## [YOUR ASSIGNMENT]
Reproduce the section of the listing that begins at the line containing "Коляска Elodie Mondo" and finishes at the line containing "Chapter 2, page 57". Include both end lines and nothing beyond them.

## [DATA SUPPLIED]
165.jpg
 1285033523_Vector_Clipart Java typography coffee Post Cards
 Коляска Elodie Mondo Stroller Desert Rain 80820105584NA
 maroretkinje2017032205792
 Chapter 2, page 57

--

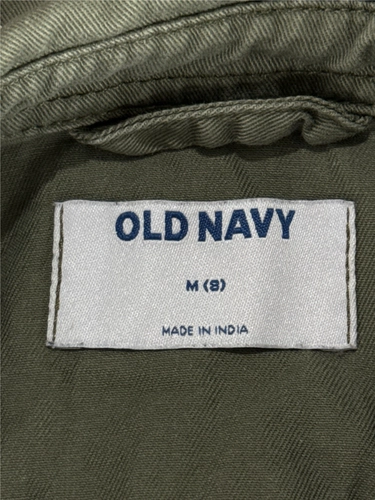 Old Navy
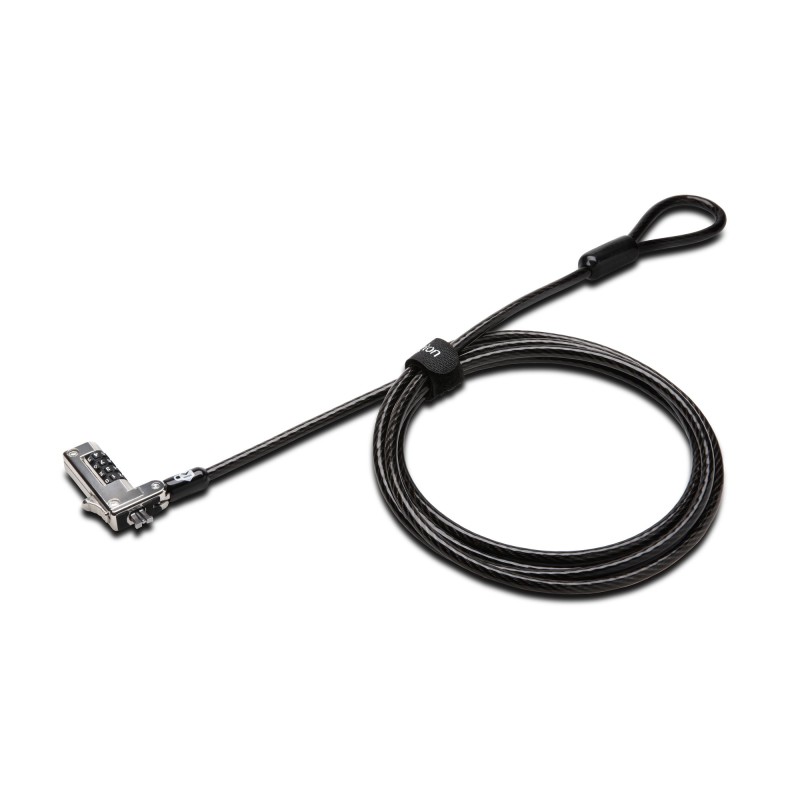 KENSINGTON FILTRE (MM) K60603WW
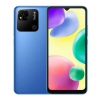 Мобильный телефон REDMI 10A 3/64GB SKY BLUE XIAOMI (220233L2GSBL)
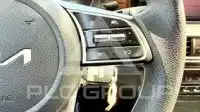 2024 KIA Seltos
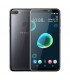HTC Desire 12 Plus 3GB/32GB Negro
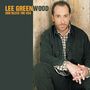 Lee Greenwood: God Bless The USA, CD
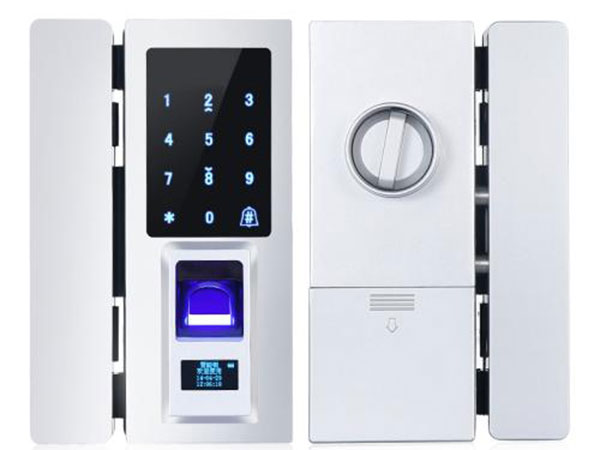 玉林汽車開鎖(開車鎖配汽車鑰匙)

--

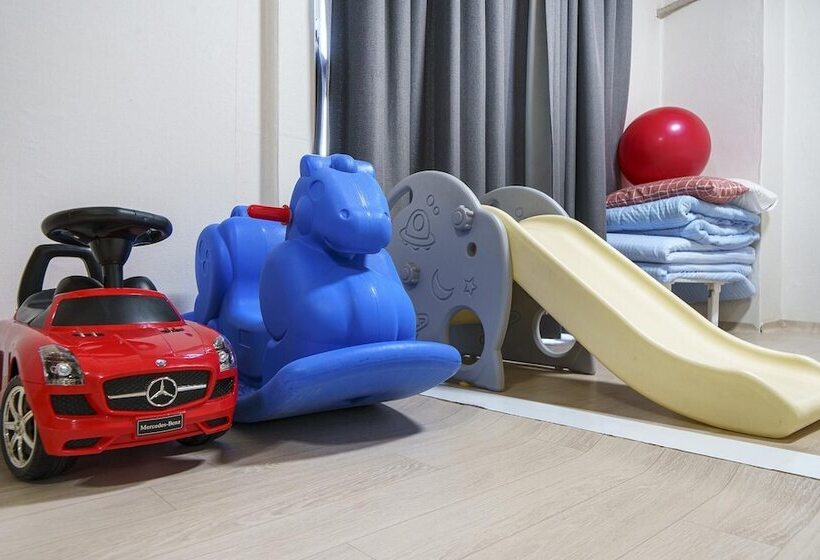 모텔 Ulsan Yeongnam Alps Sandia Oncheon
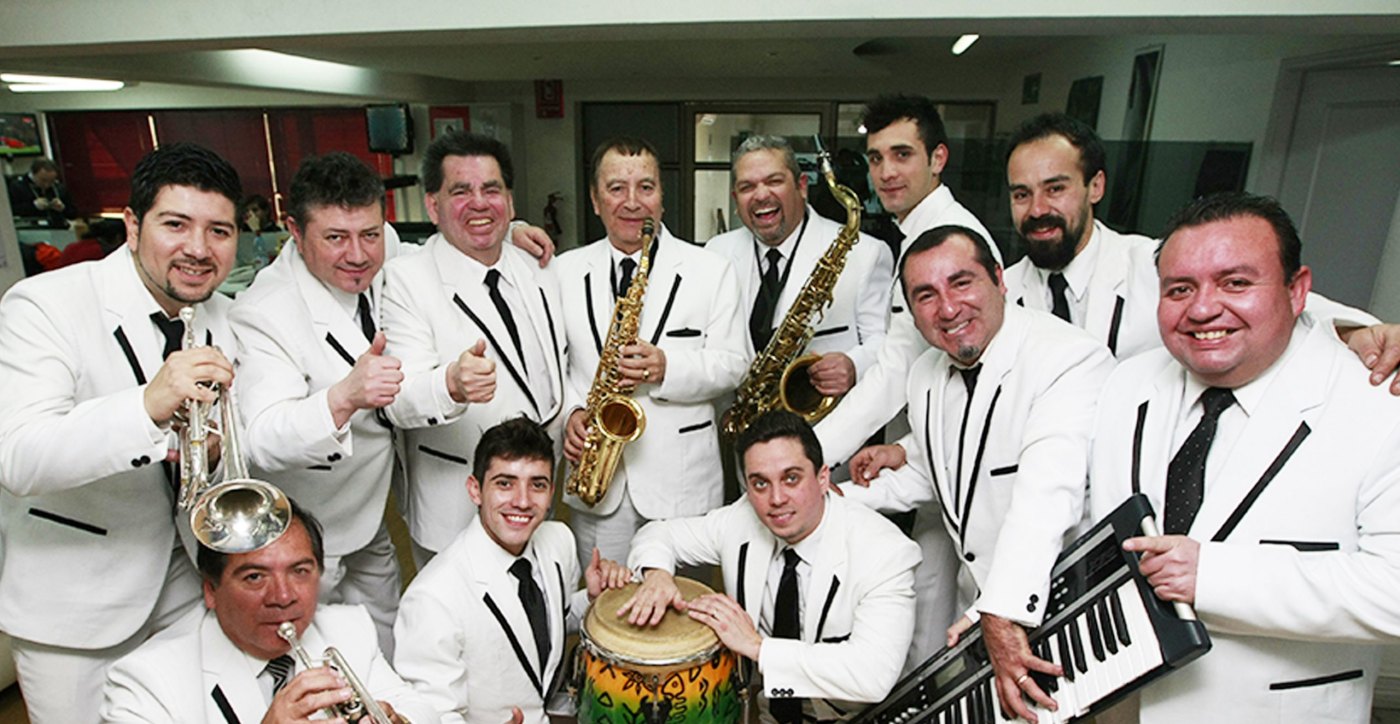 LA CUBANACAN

## [YOUR SOLUTION]
 Коляска Elodie Mondo Stroller Desert Rain 80820105584NA
 maroretkinje2017032205792
 Chapter 2, page 57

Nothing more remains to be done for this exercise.